La Gran Bretagna è universalmente riconosciuta come il leader europeo della NATO grazie al suo secondo posto nella classifica dei bilanci della difesa tra i paesi dell’alleanza, subito dopo gli Stati Uniti. Il Regno Unito vanta, inoltre, una lunga esperienza nelle operazioni militari degli ultimi decenni e rappresenta, insieme alla Francia, una delle poche potenze europee dotate di arsenali nucleari. Pertanto, quando Keir Starmer ha annunciato l’intenzione di dispiegare truppe per sostenere eventuali futuri accordi di pace tra Russia e Ucraina, la notizia non è stata accolta con sorpresa dai maggiori partner del Regno Unito, specialmente in un contesto in cui l’ex Presidente americano Donald Trump spingeva affinchè l’Europa rivestisse un ruolo più incisivo nella questione della sicurezza ucraina.

Eppure, dietro questa apparente sicurezza, si cela una realtà meno rassicurante evidenziata tanto a Whitehall quanto tra gli alti ufficiali militari britannici: l’Esercito britannico non è esente da problematiche strutturali. Difatti, il ruolo della Gran Bretagna come principale forza militare della NATO in Europa potrebbe riflettere più un deficit nelle capacità difensive del resto del continente piuttosto che il reale potenziale britannico.

Il Ministro della Difesa John Healey, assumendo l’incarico, ha rivelato che il paese non era preparato a sostenere un conflitto bellico, sottolineando che “se non si è pronti a combattere, non si può dissuadere”. Questa affermazione mette in luce una questione che risale alla fine della Guerra Fredda: la quota britannica di spesa per la difesa, una volta calata significativamente, si è stabilizzata agli inizi degli anni 2000, senza riuscire a raggiungere livelli considerati adeguati per affrontare le moderne esigenze di sicurezza globale. Critiche costanti sono state rivolte alle scelte politiche degli ultimi anni, le quali hanno favorito investimenti in tecnologie avanzate a scapito del numero delle truppe. Boris Johnson, allora Primo Ministro, aveva dichiarato nel 2021 che occorresse diversificare i settori d’investimento, suggerendo l’importanza del combattimento cibernetico e dei sistemi di aviazione avanzata rispetto ad operazioni di terra convenzionali.

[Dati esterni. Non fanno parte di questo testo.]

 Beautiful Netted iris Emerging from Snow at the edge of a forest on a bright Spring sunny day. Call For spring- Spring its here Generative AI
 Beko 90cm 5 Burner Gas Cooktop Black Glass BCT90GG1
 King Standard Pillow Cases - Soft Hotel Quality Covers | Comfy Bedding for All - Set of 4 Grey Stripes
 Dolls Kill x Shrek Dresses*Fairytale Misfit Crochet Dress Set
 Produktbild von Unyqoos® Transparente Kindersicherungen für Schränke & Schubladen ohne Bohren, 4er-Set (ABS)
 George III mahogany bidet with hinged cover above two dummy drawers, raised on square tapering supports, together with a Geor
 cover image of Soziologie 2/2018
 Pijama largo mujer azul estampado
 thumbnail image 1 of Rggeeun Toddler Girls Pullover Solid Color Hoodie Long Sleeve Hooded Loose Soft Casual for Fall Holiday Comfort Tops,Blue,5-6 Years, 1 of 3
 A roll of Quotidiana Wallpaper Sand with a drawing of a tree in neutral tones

Tuttavia, la rapida invasione dell’Ucraina da parte della Russia ne ha evidenziato i limiti, ribaltando le previsioni occidentali e ridimensionando l’approccio britannico. L’ex Consigliere per la Sicurezza Nazionale di Trump, H.R. McMaster, ha sottolineato un problema comune alle forze militari di molti paesi occidentali, lamentando le risorse limitate e la prevalenza della tecnologia sulle risorse umane in situazioni di conflitto prolungato.

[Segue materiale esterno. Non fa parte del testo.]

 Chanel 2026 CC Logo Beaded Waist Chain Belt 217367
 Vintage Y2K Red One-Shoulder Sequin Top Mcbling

Con il possibile incremento della presenza britannica all’estero e la prospettiva di missioni di peacekeeping in terra ucraina, le priorità difensive britanniche richiedono un immediato rafforzamento del potenziale umano. L’annuncio atteso di un sostanziale incremento della spesa militare potrà, però, cozzare con la contemporanea necessità del Tesoro di mantenere i bilanci sotto controllo.

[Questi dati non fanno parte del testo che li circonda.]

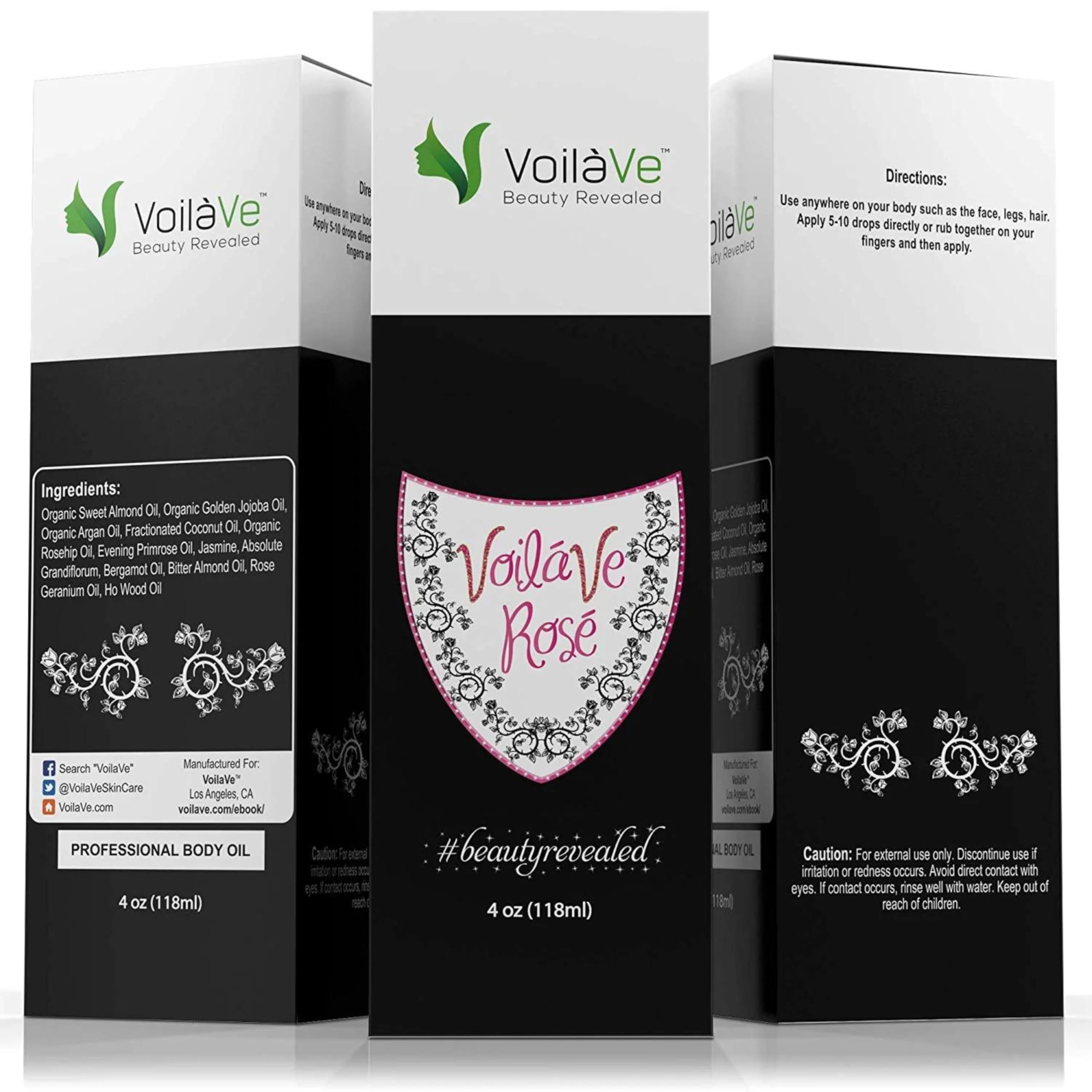 VoilaVe Organic Rose Oil for Face, Body & Hair - Natural Moisturizer for Dry Skin, Scalp, Nails & Cuticles - Anti-Aging Treatment Reduces Wrinkles, Scars & Stretch Marks - Infused with Rose Petals & Bergamot Essential Oil - 4 Fl Oz - Perfect for Daily Skincare, Massage & Aromatherapy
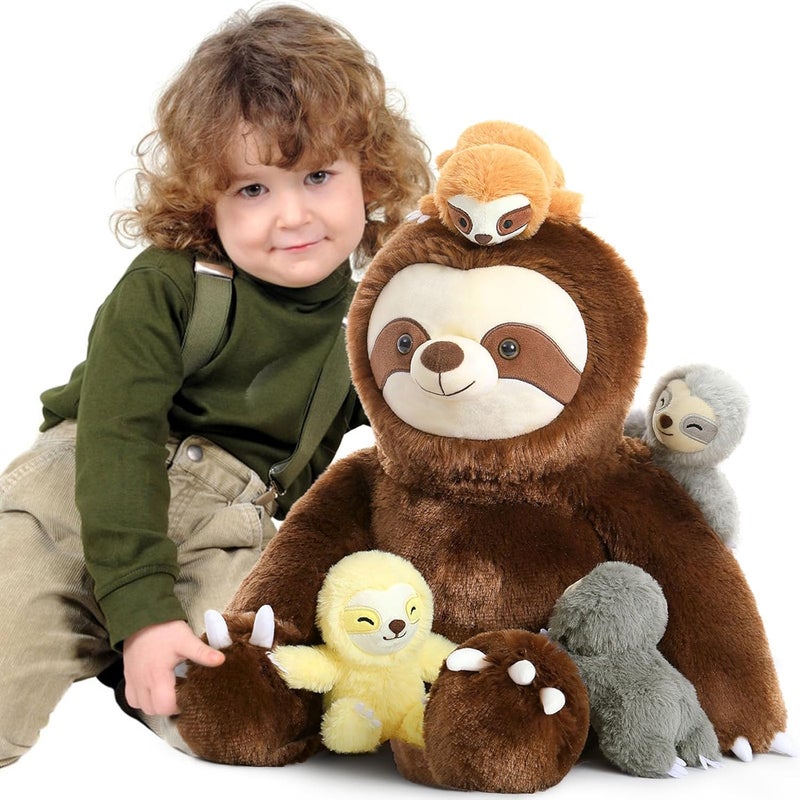 MorisMos Sloth Giant Cuddly Toy XXL, 60 cm Sitting Sloth Stuffed Toy Plush Toy with 4 Babies in the Belly, Birthday Gift for Children Boys - Image 2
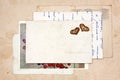 Old letters, empty post cards and two hearts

Parimenti, sono state avviate modifiche per ottimizzare il processo di reclutamento e mantenere alti i livelli di permanenza del personale militare, attraverso miglioramenti delle condizioni di vita e stipendiali. Questi interventi, tuttavia, non sono soluzioni a breve termine e potrebbero non essere sufficienti per raggruppare un notevole contingente di peacekeepers in Ucraina. In un contesto in cui l’Ucraina richiede almeno 200.000 unità per garantire la sicurezza in caso di cessate il fuoco, e con la riluttanza di vari paesi europei e l’assenza di truppe americane, il compito di formare una forza coesa potrebbe rivelarsi arduo per il Regno Unito, che dispone di un esercito formato da 75.000 soldati professionisti.

Commentando queste sfide, il Generale Richard Dannatt ha rilevato che, nonostante la volontà da parte delle forze armate britanniche di rispondere positivamente a tali chiamate, ci sarebbe la necessità di un ulteriore aumento del numero dei militari e delle loro attrezzature.

Infine, Malcolm Chalmers del think tank RUSI ha messo in luce l’importanza di un supporto americano per garantire efficacemente la sicurezza dell’Ucraina, suggerendo che forze ridotte, composte da contingenti britannici, potrebbero fungere da deterrente, ma senza l’appoggio decisivo di Washington, questi sforzi potrebbero risultare insufficienti.